Matplotlib is almost universally regarded as clumsy to use.

Nevertheless, it's really flexible, which is why I use it anyway.

It's also built in to pandas with `df.plot()`

**You may, and in fact are encouraged to, use ChatGPT to generate your matplotlib code. The matplotlib API is so unlearnable there is no pedagogical value in trying to teach it.**

Here's the briefest teaser of matplotlib:

In [None]:
# The standard import incantation:

import matplotlib.pyplot as plt
import matplotlib as mpl

In [None]:
# Create some data
import numpy as np
dat = np.array([1, 2, 4, 8, 16, 32])

In [None]:
# Plot the data
plt.plot(dat)

In [None]:
# Or, as a bar chart.
#
# The bar function wants X-Positions, Heights

# x_positions = np.arange(len(dat)) # [0, 1, 2, 3, 4, 5]

plt.bar(np.arange(len(dat)), dat)

_Many_ plot types are available.

_Lots_ of customizations is possible. Otherwise, matplotlib would have been forgotten long ago.

Again, try using ChatGPT for generating matplotlib plots. (Show it some of your code and ask it to plot.)

## SciPy is for statistical analysis

For normal distributions, hypothesis testing, etc.

Use SciPy if you need probability distributions or need to calculate statistical significance.

A _brief_ demo:

In [None]:
import scipy as sp
from scipy import stats

In [None]:
# Simulate some data
d1 = stats.norm.rvs(loc=0, size=1000)
d2 = stats.norm.rvs(loc=0.5, size=1000)

In [None]:
# Plot the data
plt.hist(d1, 25, alpha=0.6);
plt.hist(d2, 25, alpha=0.6);

In [None]:
# Statistically compare the two distributions with a t-test
stats.ttest_ind(d1, d2)

In [None]:
# Wow, that's a reeeaaaally low p-value! Must not be the same distribution.
stats.ttest_ind(d1, d2).pvalue

## Scikit-Learn is for machine learning

Machine learning (ML) is trying to predict some target property from other input properties.

ML does not have to be fancy deep neural networks.

Again, just a brief demo. Let's try a quick linear regression.

Our data from before:

In [None]:
import pandas as pd

row1 = {'Subj_ID': '001', 'score': 16.5, 'group' : 2, 'condition': 'cognition'}
row2 = {'Subj_ID': '002', 'score': 22.0, 'group' : 1, 'condition': 'perception'}
row3 = {'Subj_ID': '003', 'score': 18.1, 'group' : 1, 'condition': 'perception'}

df = pd.DataFrame([row1, row2, row3])
df

Let's try to predict `score`, based on `group` and `condition`.

The inputs and outputs need to be numeric, so for `condition` we will code `'cognition'` as `0` and `'perception'` as `1`.

In [None]:
# Remember this sort of thing?
df['condition'] == 'perception'

In [None]:
(df['condition'] == 'perception').astype(int)

In [None]:
# Remember we add a new column by assigning a list/array to a new column name.
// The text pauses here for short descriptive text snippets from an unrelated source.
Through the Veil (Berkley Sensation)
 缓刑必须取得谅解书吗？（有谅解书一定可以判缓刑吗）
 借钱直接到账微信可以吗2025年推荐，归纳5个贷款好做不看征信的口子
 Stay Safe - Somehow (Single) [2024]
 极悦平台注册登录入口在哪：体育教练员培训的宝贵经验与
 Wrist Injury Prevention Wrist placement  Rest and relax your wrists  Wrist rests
df['condition_as_indicator'] = (df['condition'] == 'perception').astype(int)
df

In [None]:
# Traditionally, the input for ML is called X

X = df[['group', 'condition_as_indicator']]
X

In [None]:
# And the target is called y

y = df['score']
y

In [None]:
df

In [None]:
# Train a simple linear model to predict y from X

from sklearn import linear_model

reg = linear_model.LinearRegression()

reg.fit(X, y) # this does the training

# The trained model is stored in reg

print('The regression coefficients: ', reg.coef_)
print('The regression intercept: ', reg.intercept_)
print()
print('That is, we predict:')
print('score = ', reg.coef_[0], '* group + ', reg.coef_[1], '* condition_as_indicator + ', reg.intercept_)

In [None]:
# Put the predictions back in the dataframe as "predicted_score" so we can see it all together.
#
# The predict() method predicts using the trained model

X = df[['group', 'condition_as_indicator']]
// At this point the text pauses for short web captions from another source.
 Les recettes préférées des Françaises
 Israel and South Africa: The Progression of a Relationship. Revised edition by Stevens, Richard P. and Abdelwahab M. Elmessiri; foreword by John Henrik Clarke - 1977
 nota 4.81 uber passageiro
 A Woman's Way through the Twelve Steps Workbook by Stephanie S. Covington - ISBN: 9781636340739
df['predicted_score'] = reg.predict(X)
df

### COGS 108: Data Science in Practice

<div class="alert alert-info">
If you are interested in data science and scientific computing in Python, consider taking <b>COGS 108</b> : <a>https://github.com/COGS108/</a>.
</div>

## Scientific Computing Recap

We looked at these _briefly_, so you have an idea of _when_ to reach for them.
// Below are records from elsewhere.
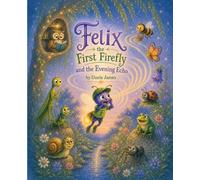 Felix the First Firefly and the Evening Echo: A Story About How Kindness Comes Back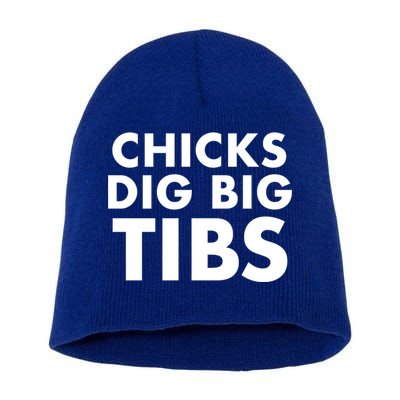 Chicks Dig Big Tibs Gift Funny Workout Leg Day Fitness Gym Gift Short Acrylic Beanie
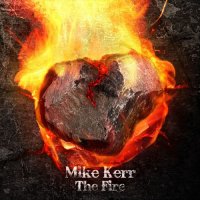 Mike Kerr - The Fire (2012)
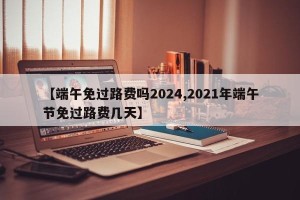 【端午免过路费吗2024,2021年端午节免过路费几天】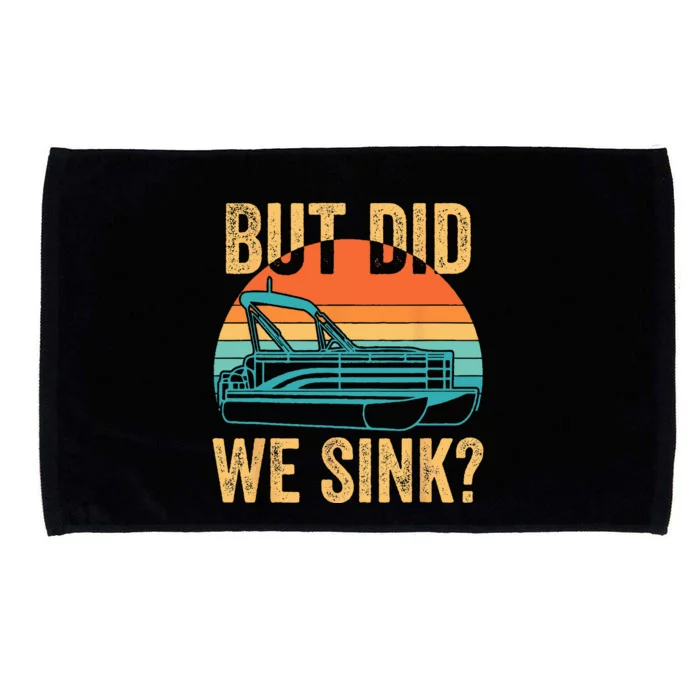 But Did We Sink Funny Pontoon Boat Captain Boating Microfiber Hand Towel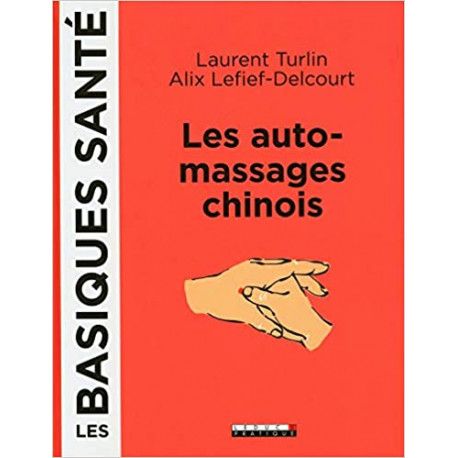 Les auto-massages chinois - Les basiques santé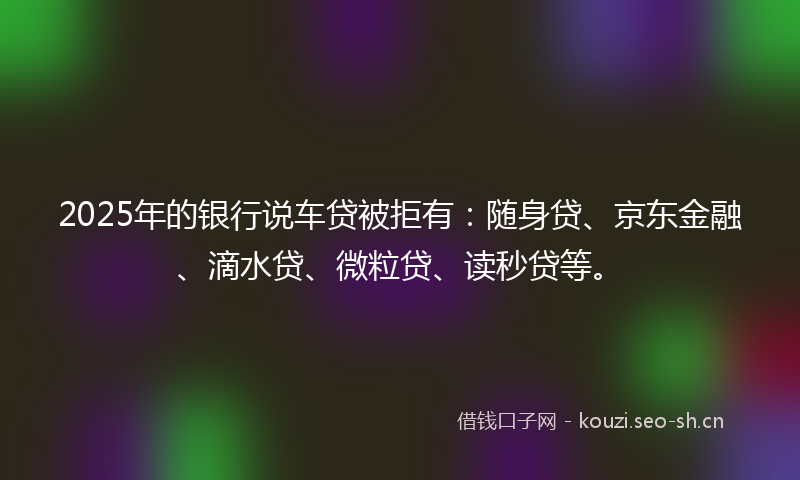 2025年的银行说车贷被拒有：随身贷、京东金融、滴水贷、微粒贷、读秒贷等。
- `numpy` - for lists of numbers
- `pandas` - for tables of heterogenious data (i.e. not just numbers)
- `matplotlib` - for drawing plots
- `scipy` - for probability distributions and statistical analysis
- `sklearn` - for machine learning

To actually use these you will have to Google your questions and/or read the docs. Honestly, that's what real-world programming is. You cannot memorize everything.